Miranda July heeft met haar boek een heel eigen universum gemaakt. Ze heeft het over een werkelijkheid waarover weinig geschreven wordt en doet dat onbevreesd en met een heel eigen stem. Als vrouw, al dan niet halverwege, krijg je een levensalternatief te zien dat zindert van leven. Dat is niet alleen belangrijk voor die inhoud, het is ook vormelijk indrukwekkend. Net als auteurs als Rachel Cusk zoekt Miranda July – zij het dan wel met een heel andere invulling – naar een literaire vorm voor een werkelijkheid van vrouwenlevens.
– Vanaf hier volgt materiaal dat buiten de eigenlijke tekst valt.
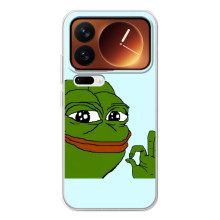 Чохли з зображенням Жаба Мем на Xiaomi 17 Pro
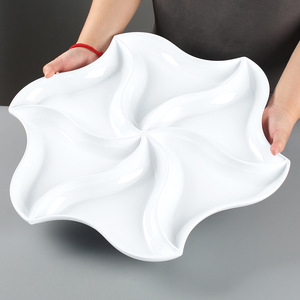 <b>Melamine</b> tableware <b>plates</b>, divided <b>plates</b>, dried fruit and snack <b>plates</b>, braised food platters, five-compartment braised cold - Product Image 1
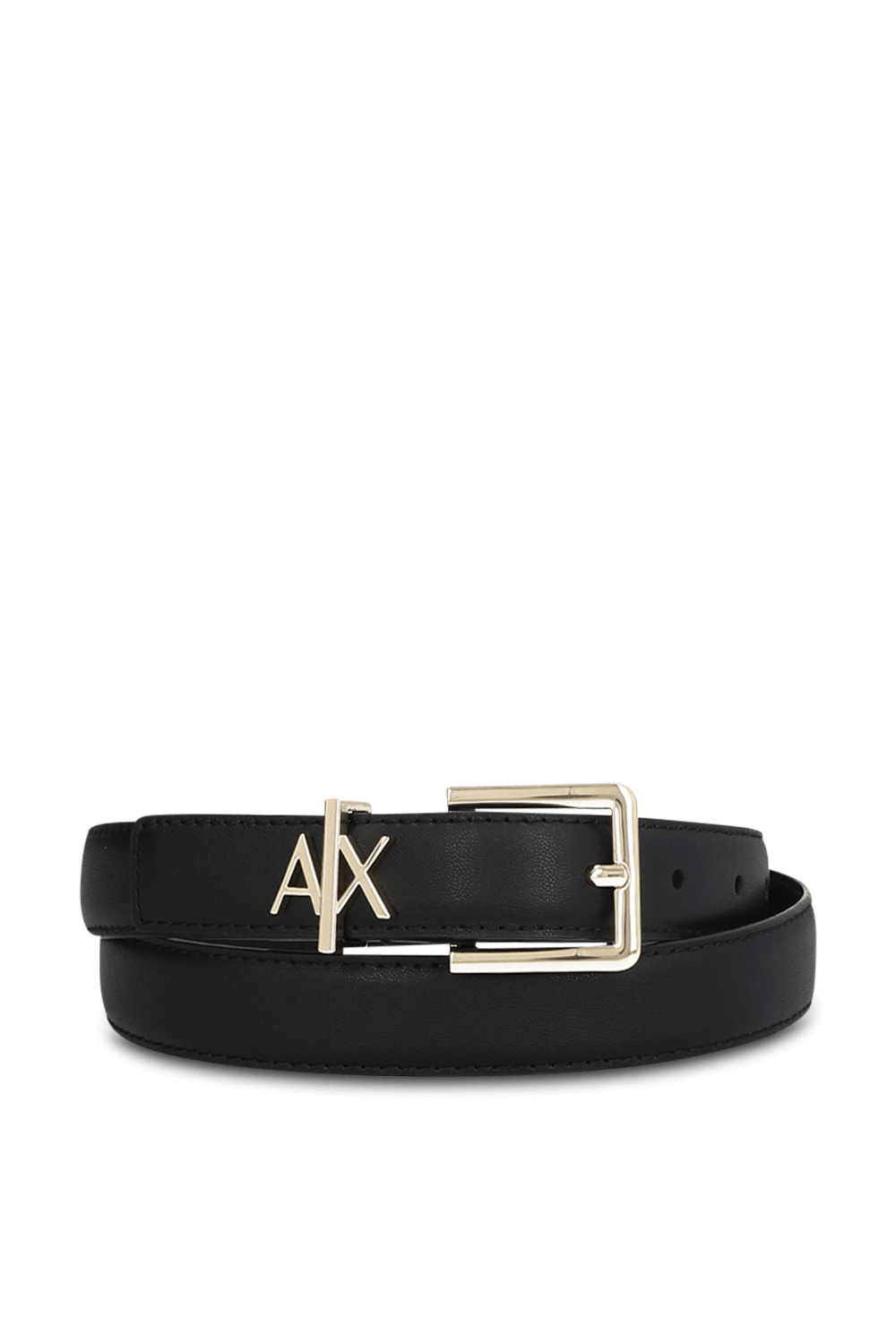 תמונה קידמית של חגורת עור דקה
Hoe kun je een werkelijkheid weergeven waarover al te vaak nog gezwegen wordt? Hoe kun je als auteur, mee op basis van je eigen ervaringen, een fictiewerk maken dat niet meteen – zoals zo vaak gebeurt bij vrouwelijke auteurs – wordt herleid tot de biografie van de auteur? Een boek als dit denigrerend tot een ‘vrouwenboek’ herleiden is een gekende strategie. All Fours zal hopelijk niet op die manier als literair werk ‘onschadelijk’ gemaakt worden. Het boek bruist van verlangen, verkent nieuwe terreinen, zoekt woorden en een vorm voor mogelijke levens. Het is een boek dat er moest zijn, en dat er nu gelukkig is.